HM - May 2019 - Book Review

What Have You Been Reading?

 

Book Review: The Cooking Gene: A Journey Through African American Culinary History in the Old South
By Michael W. Twitty


Reviewed by Stacey Kerr, Central Michigan University

 
Social studies educators are not unfamiliar with the use of food to create interest among students. If you’ve ever been in one of Scott Roberts (one our History Matters! editors) professional development sessions, you are probably familiar with his famous “cookie map” story which tells the tale of an ill-conceived geography lesson heavy on sugar, flour, and baked goods in the shape of continents, but light on any real academic rigor or substance. Despite the often gimmicky integration of food into the teaching of social studies, the use of food as a teaching tool, by virtue of its familiar and ubiquitous nature in our everyday lives, can be powerful in engaging academic topics far beyond the food itself. Such is certainly is the case in Michael W. Twitty’s, The Cooking Gene: A Journey Through African American Culinary History in the Old South.
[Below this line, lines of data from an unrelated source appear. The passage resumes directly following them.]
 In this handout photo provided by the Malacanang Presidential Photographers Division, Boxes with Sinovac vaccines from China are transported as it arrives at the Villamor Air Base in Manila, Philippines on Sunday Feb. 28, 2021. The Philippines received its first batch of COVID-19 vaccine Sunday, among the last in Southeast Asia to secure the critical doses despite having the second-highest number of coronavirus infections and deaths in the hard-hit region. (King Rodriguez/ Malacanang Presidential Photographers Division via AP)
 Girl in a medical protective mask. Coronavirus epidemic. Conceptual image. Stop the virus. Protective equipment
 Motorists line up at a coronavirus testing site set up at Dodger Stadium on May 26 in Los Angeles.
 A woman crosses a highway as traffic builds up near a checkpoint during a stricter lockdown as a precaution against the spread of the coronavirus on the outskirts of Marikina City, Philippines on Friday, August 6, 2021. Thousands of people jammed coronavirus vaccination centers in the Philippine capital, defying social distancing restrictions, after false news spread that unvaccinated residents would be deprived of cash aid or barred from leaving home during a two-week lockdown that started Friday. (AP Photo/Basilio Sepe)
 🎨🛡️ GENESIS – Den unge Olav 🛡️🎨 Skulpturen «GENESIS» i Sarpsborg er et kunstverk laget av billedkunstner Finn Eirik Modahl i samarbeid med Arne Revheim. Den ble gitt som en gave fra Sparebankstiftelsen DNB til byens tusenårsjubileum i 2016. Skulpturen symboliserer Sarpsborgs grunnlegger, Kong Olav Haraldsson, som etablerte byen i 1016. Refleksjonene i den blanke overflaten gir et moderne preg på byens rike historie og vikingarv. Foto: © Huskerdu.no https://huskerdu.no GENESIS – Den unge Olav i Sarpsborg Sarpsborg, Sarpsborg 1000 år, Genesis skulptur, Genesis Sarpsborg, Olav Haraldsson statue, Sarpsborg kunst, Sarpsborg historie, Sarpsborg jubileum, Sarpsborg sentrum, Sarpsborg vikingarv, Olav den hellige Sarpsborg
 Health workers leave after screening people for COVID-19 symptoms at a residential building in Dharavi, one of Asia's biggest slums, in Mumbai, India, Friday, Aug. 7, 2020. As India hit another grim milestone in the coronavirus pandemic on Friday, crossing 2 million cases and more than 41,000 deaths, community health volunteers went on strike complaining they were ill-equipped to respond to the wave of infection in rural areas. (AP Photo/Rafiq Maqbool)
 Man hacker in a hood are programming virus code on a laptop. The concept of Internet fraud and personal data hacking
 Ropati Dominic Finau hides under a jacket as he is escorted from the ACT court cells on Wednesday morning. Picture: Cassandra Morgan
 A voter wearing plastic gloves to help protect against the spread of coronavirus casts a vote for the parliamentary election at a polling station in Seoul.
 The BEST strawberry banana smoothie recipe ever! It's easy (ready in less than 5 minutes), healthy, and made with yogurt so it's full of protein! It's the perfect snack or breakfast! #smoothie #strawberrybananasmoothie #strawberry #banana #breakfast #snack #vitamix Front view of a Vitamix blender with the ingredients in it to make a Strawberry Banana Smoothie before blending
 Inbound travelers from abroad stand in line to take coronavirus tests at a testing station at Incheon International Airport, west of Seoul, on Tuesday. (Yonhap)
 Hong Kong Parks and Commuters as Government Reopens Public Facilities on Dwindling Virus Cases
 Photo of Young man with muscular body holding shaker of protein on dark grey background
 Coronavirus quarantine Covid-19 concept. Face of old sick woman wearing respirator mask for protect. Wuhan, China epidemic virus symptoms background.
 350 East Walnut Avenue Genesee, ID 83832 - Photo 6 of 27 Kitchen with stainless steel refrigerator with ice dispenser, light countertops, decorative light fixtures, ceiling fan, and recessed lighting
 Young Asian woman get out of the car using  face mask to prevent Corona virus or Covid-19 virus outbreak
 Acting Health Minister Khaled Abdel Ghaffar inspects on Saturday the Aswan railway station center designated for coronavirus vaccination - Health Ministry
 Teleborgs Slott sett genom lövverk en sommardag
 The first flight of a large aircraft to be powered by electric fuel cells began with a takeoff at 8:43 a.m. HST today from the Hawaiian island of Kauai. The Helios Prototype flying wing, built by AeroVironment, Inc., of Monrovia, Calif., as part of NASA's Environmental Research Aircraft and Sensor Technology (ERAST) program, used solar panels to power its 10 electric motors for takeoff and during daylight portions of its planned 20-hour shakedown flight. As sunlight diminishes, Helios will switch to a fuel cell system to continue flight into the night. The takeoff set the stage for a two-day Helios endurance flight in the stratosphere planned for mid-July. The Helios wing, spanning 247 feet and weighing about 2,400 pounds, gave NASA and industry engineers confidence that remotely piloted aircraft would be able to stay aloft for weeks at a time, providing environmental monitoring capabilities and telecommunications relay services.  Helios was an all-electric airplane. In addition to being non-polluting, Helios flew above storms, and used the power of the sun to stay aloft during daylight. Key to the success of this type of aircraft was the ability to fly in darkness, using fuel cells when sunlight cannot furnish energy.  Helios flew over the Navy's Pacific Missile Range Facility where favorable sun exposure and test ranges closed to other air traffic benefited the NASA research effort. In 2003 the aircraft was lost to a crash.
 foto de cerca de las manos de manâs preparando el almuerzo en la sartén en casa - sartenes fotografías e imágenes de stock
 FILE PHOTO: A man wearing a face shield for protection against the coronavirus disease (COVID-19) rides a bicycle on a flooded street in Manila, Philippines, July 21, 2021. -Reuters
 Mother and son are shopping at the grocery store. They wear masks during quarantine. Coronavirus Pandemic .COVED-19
Twitty, a culinary historian and winner of the 2018 James Beard Award for Best Food Writing and Book of the Year, explores the intertwined histories of slavery, crop and livestock production, and cooking practices, in addition to the relationships between Native Americans, enslaved Africans, and colonizing Europeans in the production of what we now call, Southern Cuisine. He succeeds in the tough task of presenting troubling historical material in an accessible and almost light tone while not diminishing any of the seriousness or complexity of the addressed topics. Events such as the Middle Passage, Civil War, and the Great Migration, figure prominently in The Cooking Gene, yet take on a new life when analyzed through the lens of food production and consumption and told in Twitty’s engaging narrative voice.
 
Teachers of history may find The Cooking Gene to be an asset in their resource library. Twitty’s detailed historical accounts and analyses have the potential to help students decode present-day intercultural relationships by examining the origin stories of something as banal as a biscuit. These new ideas and novel examples could be infused into already existing lessons, but older students may even benefit from reading individual chapters or excerpts to engage with relevant content as well as the practices of historical research. This is because Twitty, a trained historiographer, not only uses The Cooking Gene to educate readers on the connections between history, identity, and Southern food, but he also provides insight into his use of historical research methods for the writing of this book - genealogical testing, archival and document analysis, oral history interpretation, site visitation, and artifact examination.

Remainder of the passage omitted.